Shanghai (WNews) – U.S. bond yields and global stocks tumbled on Thursday, while gold, oil and the dollar surged after Russian troops landed in Ukrainian cities on the Black Sea and Ukraine reported a full-scale invasion.
According to Russian news agencies, Russian troops landed in the Ukrainian Black Sea port of Odessa and in Mariupol in the eastern region of Donetsk.
During the same period, the Ukrainian military command centers located in the cities of Kyiv and Kharkiv came under fire from missiles, according to the Ukrainska Pravda news website quoting a senior official of the Ukrainian interior ministry.
In the wake of the latest attacks, Russian President Vladimir Putin has issued a blistering warning to the West. It has been reported that Russian President Vladimir Putin called on Ukrainian soldiers to lay down their weapons and go home immediately, saying the responsibility for any bloodshed would be on the conscience of “the Ukrainian regime”, according to Russian news agencies.
Additionally, Putin has authorized special military operations in Ukraine’s Donbass region.
Videos posted online shortly after Russia announced the military operation indicate that multiple explosions were heard in the Ukrainian capital, Kyiv, before dawn, following an initial series of sounds similar to artillery fire.

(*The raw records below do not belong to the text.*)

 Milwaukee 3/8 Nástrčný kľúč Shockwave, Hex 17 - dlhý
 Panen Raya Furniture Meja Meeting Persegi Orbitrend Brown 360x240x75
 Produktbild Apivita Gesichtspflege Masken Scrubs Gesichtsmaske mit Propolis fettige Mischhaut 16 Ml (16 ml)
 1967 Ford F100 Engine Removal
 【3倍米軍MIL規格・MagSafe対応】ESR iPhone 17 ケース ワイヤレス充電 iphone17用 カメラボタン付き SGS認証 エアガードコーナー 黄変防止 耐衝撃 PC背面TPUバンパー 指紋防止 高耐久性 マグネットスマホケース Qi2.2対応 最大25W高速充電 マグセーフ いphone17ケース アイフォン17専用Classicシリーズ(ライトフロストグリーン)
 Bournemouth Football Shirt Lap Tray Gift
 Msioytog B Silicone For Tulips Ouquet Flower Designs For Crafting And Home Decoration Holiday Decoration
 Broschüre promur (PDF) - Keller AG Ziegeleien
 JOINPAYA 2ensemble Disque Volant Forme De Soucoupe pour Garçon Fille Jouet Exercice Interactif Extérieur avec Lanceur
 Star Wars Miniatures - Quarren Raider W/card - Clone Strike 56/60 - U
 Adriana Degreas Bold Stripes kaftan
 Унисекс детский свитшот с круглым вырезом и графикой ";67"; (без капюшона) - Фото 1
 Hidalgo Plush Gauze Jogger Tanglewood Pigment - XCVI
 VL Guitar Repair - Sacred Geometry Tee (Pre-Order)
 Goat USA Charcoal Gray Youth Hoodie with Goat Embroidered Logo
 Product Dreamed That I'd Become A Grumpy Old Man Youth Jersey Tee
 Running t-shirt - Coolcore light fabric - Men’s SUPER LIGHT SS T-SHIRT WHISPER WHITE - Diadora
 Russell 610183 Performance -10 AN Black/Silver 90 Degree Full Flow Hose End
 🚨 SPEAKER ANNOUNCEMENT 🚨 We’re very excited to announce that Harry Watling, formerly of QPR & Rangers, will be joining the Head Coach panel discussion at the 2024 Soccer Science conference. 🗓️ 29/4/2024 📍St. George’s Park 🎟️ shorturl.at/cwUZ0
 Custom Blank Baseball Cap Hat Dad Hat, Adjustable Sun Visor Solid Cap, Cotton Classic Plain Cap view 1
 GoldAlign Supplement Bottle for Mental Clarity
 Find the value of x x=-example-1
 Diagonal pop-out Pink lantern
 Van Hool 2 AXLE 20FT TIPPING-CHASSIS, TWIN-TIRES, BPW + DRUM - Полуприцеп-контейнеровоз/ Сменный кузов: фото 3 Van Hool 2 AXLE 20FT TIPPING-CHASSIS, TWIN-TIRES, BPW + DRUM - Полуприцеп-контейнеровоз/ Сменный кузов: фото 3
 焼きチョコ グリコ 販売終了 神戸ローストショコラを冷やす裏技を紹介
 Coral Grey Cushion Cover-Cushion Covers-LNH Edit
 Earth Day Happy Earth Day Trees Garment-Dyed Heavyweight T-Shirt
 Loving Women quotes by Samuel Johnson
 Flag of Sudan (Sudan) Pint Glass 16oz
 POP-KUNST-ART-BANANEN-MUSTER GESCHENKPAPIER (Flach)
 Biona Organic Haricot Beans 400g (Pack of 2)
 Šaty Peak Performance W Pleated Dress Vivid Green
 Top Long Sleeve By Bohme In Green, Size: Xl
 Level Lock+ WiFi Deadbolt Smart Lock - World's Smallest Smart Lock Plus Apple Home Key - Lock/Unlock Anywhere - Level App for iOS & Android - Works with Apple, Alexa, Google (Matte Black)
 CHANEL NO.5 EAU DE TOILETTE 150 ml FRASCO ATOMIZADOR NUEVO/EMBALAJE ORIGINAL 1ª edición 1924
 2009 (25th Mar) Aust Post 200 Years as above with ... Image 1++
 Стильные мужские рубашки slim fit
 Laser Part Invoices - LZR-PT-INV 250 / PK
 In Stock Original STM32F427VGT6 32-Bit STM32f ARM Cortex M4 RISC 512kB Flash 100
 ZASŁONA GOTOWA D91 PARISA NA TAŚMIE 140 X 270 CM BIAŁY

The comments worsened an already grim selloff in Asian trade, pushing MSCI’s broadest index of Asia-Pacific shares outside Japan down more than 3.2%, with Australian shares off more than 3% and Chinese blue chips down 1.3%.
Tokyo’s Nikkei was 2.4% lower. U.S. stock market futures were also down sharply, with S&P 500 e-minis down 2.3% and Nasdaq futures 2.8% weaker.
Asset markets have seen a sharp increase in volatility over the deepening crisis, with the Cboe Volatility Index, known as Wall Street’s fear gauge, up more than 55% over the past nine days. (.VIX)
Brent crude futures surged more than 3.5% on Thursday, shooting beyond $100 a barrel for the first time since September 2014. On Wednesday, Brent crude futures fluctuated sharply between lows and highs. West Texas Intermediate leaped 4.6% to $96.22 per barrel, their highest since August 2014.
This is the highest level since early January 2021 that spot gold has hit with a gain of more than 1.7%.
The deepening selloff in equities came after U.S. stocks already took a beating on Wednesday, with the Dow Jones Industrial Average down 1.38% to barely above the level that would have confirmed a correction. The MSCI World Index, a leading gauge of equity markets globally, skidded to its lowest level since April 2021.
Investors have also been grappling with the prospect of imminent policy tightening by the U.S. Federal Reserve aimed at combating surging inflation, which NAB analysts say could be exacerbated by a commodities supply shock.
While expectations of an aggressive 50-basis-point hike at the Fed’s March meeting have eased, Fed funds futures continue to point to at least six rate hikes this year.
All the same, immediate geopolitical threats weighed on U.S. yields on Thursday, pushing the benchmark U.S. 10-year yield down sharply to 1.8681% from its U.S. close of 1.977% on Wednesday. The 2-year yield also fell, to 1.5% from a close of 1.6%.
The global flight to safety boosted the dollar, which jumped more than half a percent against a basket of other major trading partners to 96.715.
The euro was down 0.8% on the day at $1.1220.
The Russian rouble turned violently lower after posting small gains early in the session. It was last down nearly 4% on top of a 3% slump against the dollar on Wednesday.
The sell-off spread to cryptocurrency markets, pushing bitcoin below $35,000 for the first time in a month.
“Markets are now more adequately pricing in the risk of something horrific happening. That combined with the uncertainty is a horrible environment to be in. No one wants risk exposure when that’s floating around,” said Rob Carnell, head of Asia Pacific research at ING.